View all posts in this series
- As Good As You Can: The PA Model Around the World Part One
- American Cheese: The Origin of the U.S. Physician Assistant
- PAs in the Netherlands: The Dutch Physician Assistant
- Why We Really Need PAs in the UK: The British Physician Associate
- Meet The PA Pioneers of Israel: The Israeli Physician Assistant
- Trials and Tribulations of the Liberian Physician Assistant
- South Africa’s Clinical Associate (Clin-A): The PA Model Around The World
- The Indian Physician Assistant (PA): Past, Present, and Future
- The Australian Physician Assistant: The PA Model Around the World
- Laos: The Birthplace of the U.S. Physician Assistant?
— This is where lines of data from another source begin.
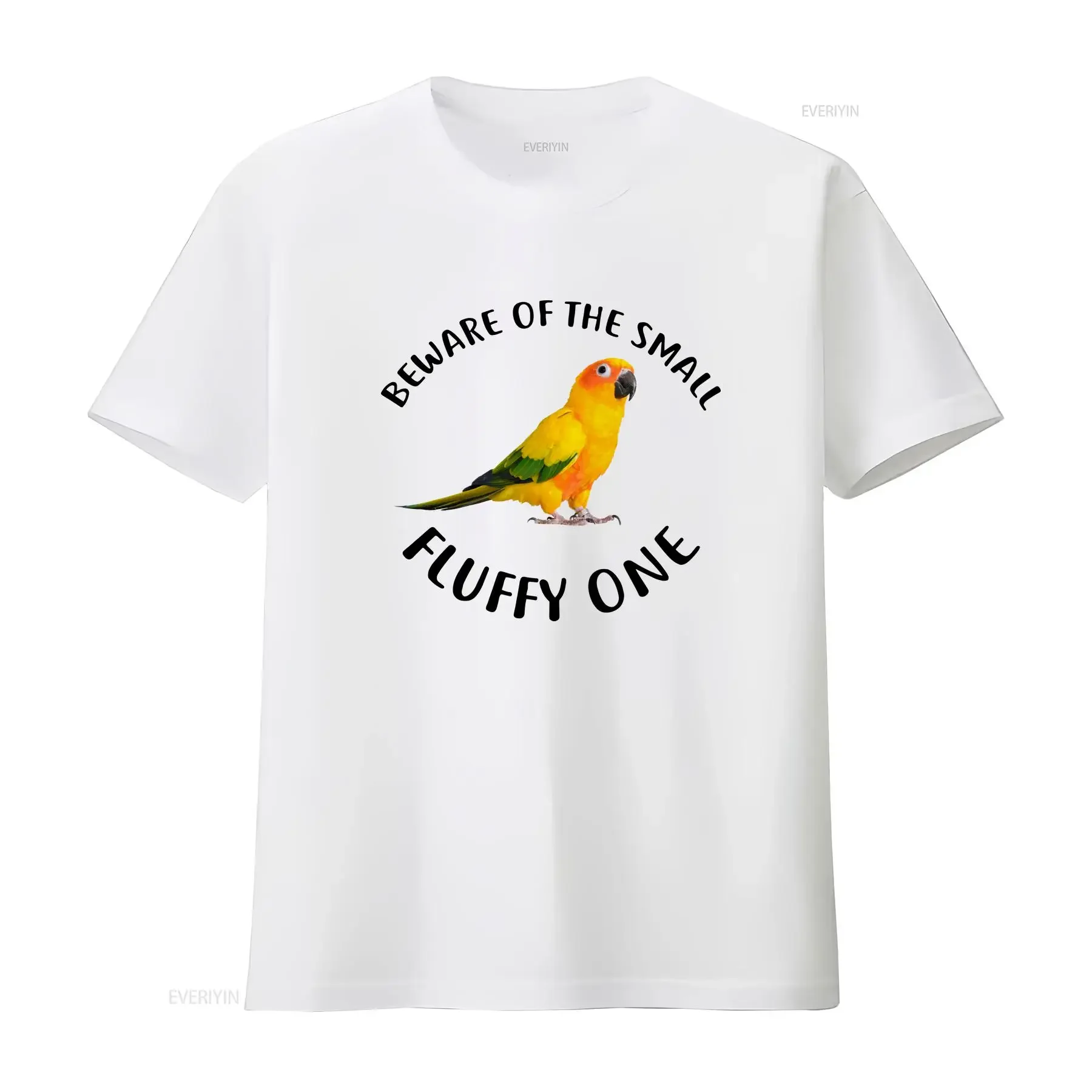Beware Of Sun Conure Parrot T Shirt vintage Washed graphic fashion Versatile Casual Soft streetwear Comfortable Unisex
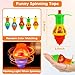 24PCS Light Up Spinning Tops Glow Party Favors for Kids 3-5 4-8 8-12 Christmas Goodie Bag Stuffers Birthday Return Gifts Classroom Treasure Box Toys Carnival Prize Fidget Spinner Bulk Toddler Boy Girl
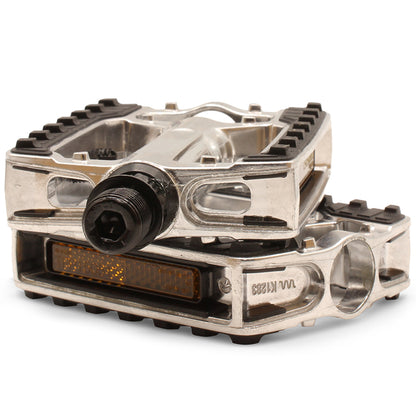 VP Components Black Plastic/Alloy Replacement Adult Bike Pedal Set 9/16-inch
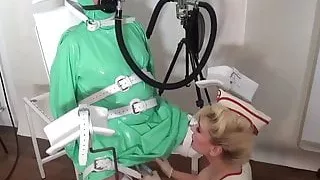 Rubber Breath Control Bubble Bottle Rubber Mistress MadameC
- Little Big Men: The Rise of Kenya’s Clinical Officer
What do American Cheese and PAs Have in Common?
U.S. Patent 2759308, for the first American processed cheese wrapper, was submitted in 1956, and individually sheathed slices of imitation dairy started rolling out.
At the same time, the first PAs were getting their medical corpsman training and experiences during the war in former French Indochina, known now as Vietnam, Laos, and Cambodia, from 1955 to 1975.
By the late 1960s, small bands of PAs from a handful of programs were already beginning to practice in various specialties and capacities (see The Physician Assistant: An Illustrated History, Thomas E. Piemme MD, et al.). Accredited PA programs now number well over 250 and PAs well over 100,000.
In 2018, retail sales of American cheese were $2.77 billion, an impact reminiscent of the growth of canned food after the Civil War.
American cheese and the PA (albeit the latter being a little better for you) are two effects of militarism on U.S. society, and I am living proof--with “cheese” sandwiches on my childhood menu and Dad (PA number 180 in Wisconsin) my de facto childhood primary healthcare provider.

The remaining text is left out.